While I wait for my arm and head to bruise up a bit and for the 330 call to the hunting stand to come around....I figgered I'd start rust bluing this old Remmy.  Covered in tool marks and slated for hard duty I decided on rust blue as a fitting tuff finish.  100g on a jitterbug sander cleans it up and leaves a muted pattern that will disappear in the oxides leaving a satin dark grey black finish that is somewhat more durable than hot tank blue.  And, it'll help hide many of the finer tool marks that Ma Remmy leaves in all her base line products these days.  Polish them out if you like but not for rust blue.  It doesn't lend itself to the mirror black finish of hot oxide bluing.
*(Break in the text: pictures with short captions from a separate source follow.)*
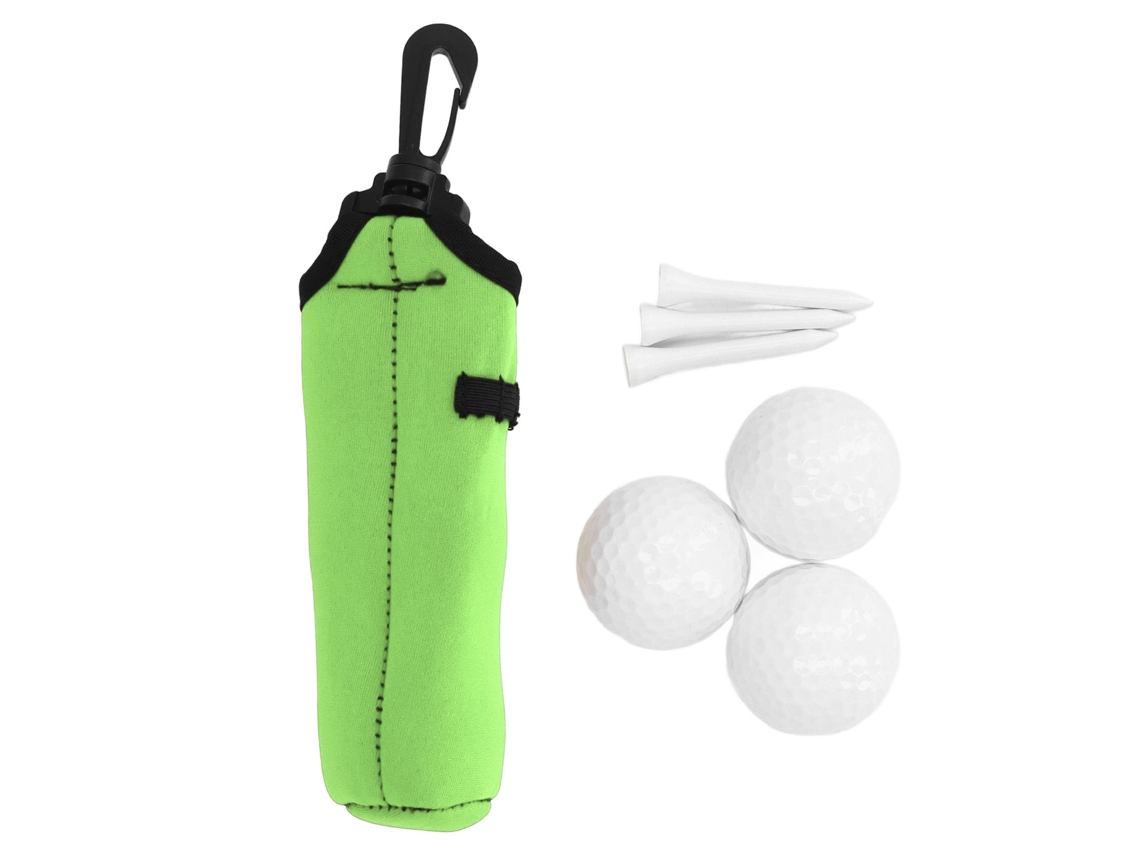 Bolsa Portátil De Neopreno Para Guardar Pelotas Y Tees, 3 Pelotas Y 3 Tees, Regalo Verde
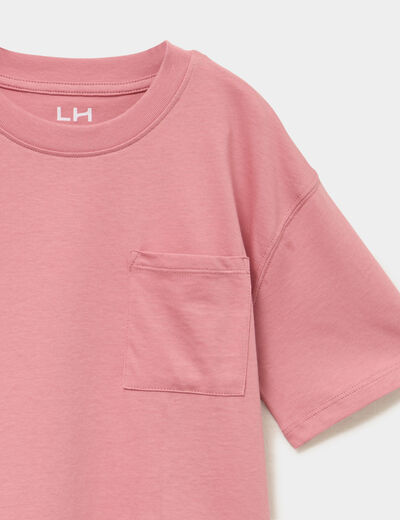 T-shirt oversize 1 poche manches courtes rose gar&ccedil;on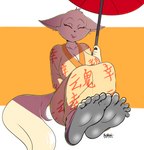 5_toes anthro asian_clothing barefoot big_breasts black_soles blush breasts cleavage clothed clothing countershade_feet countershading east_asian_clothing eyes_closed feet female fluffy fluffy_tail foot_focus huge_breasts humanoid_feet japanese_clothing kimono looking_at_viewer open_mouth open_smile parasol plantigrade sitting smile soles solo spread_toes tail toes howsplendid kimota canid canine fennec_fox fox mammal true_fox hi_res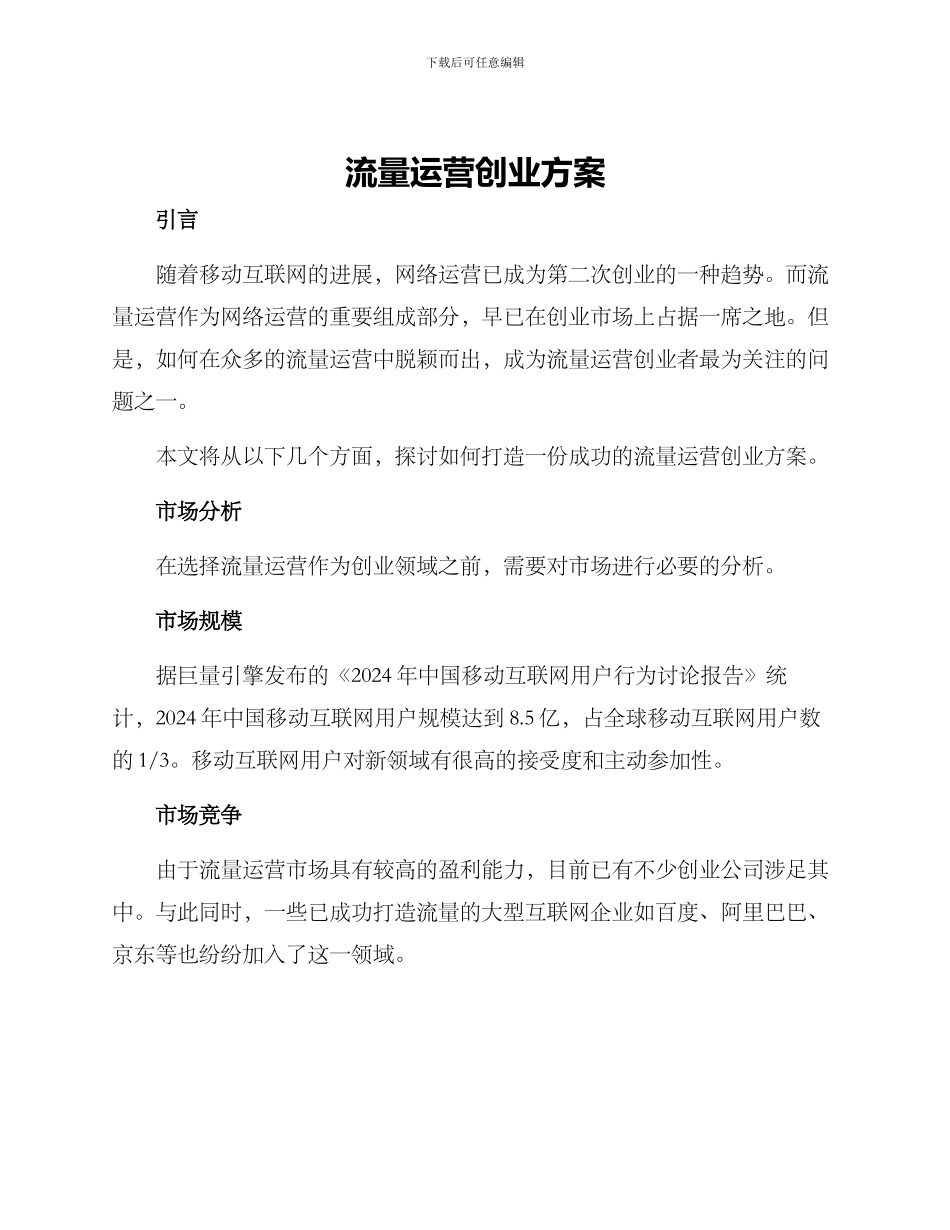 流量运营创业方案_第1页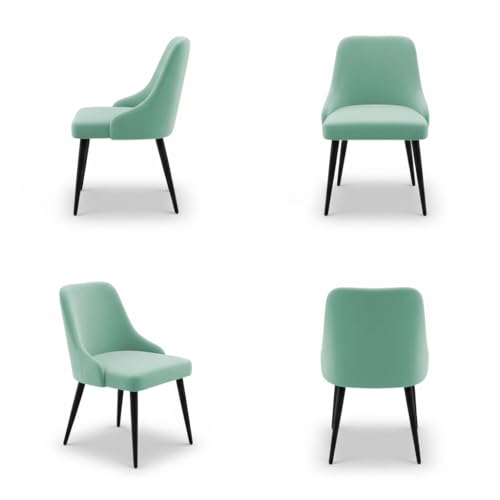 Image of Finch Fox Taskpro Modern Unique Velvet Upholstered Seating Living Room Dining Chair with Black Metal Legs in Pista Color
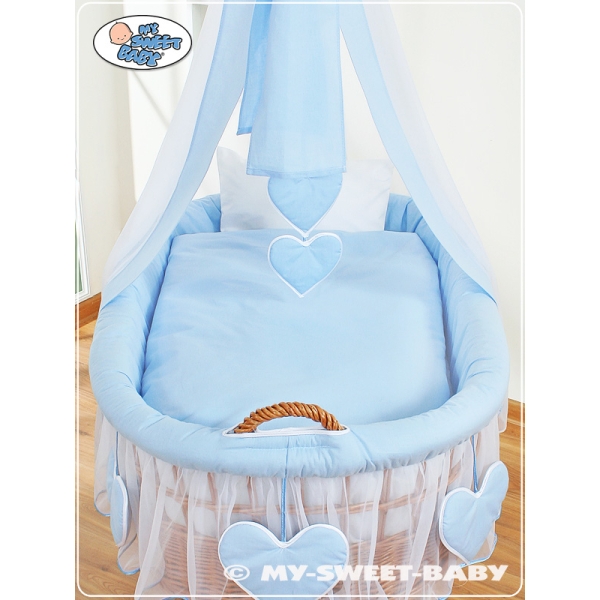 Babywieg op Wielen / Rieten Babybed met Hemeltje Blauw Amelie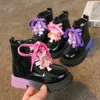 Buty jesienne różowe fioletowe patent skórzany cudowne dzieci krótki but 22 33 Toddler okrągły palce butów butów dla dzieci 231109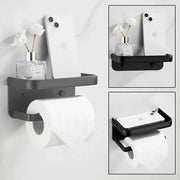Decorbites aluminum black tissue holder with phone shelf and wall-mounted toilet paper rack in matte finish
If you've never seen the slow rust blue process, follow along and don't worry.  Though the gun will look like it was destroyed in a Guatemalan humidity forest, it'll turn out fine.

Here, the bare steel stripped clean and after a wipe down with vinegar water it'll get its first coating of Pilkingtons Slow Rust Bluing Solution.  Into the damp box at 80% humidity and about 80+ degrees (maintained by a small crock pot full of water) it'll sit for an hour to develop the first blume of red rust.  After an hour it gets a second wipe down with pilkingtons to even up the initial rust and sits for 2 more.  Then comes the first of 3 to 6 cycles of rust, boil, card until the finish is even dark grey black.  Final treatment will be a wipe down with good motor oil and then either gun oil on hot steel.  (If GoodWife ain't around,  the parts go in the oven to warm up to ouch temperature and then the oil gets slathered on.  Otherwise, I gotta slow boat it and use the heat gun to warm the parts for final oiling.)  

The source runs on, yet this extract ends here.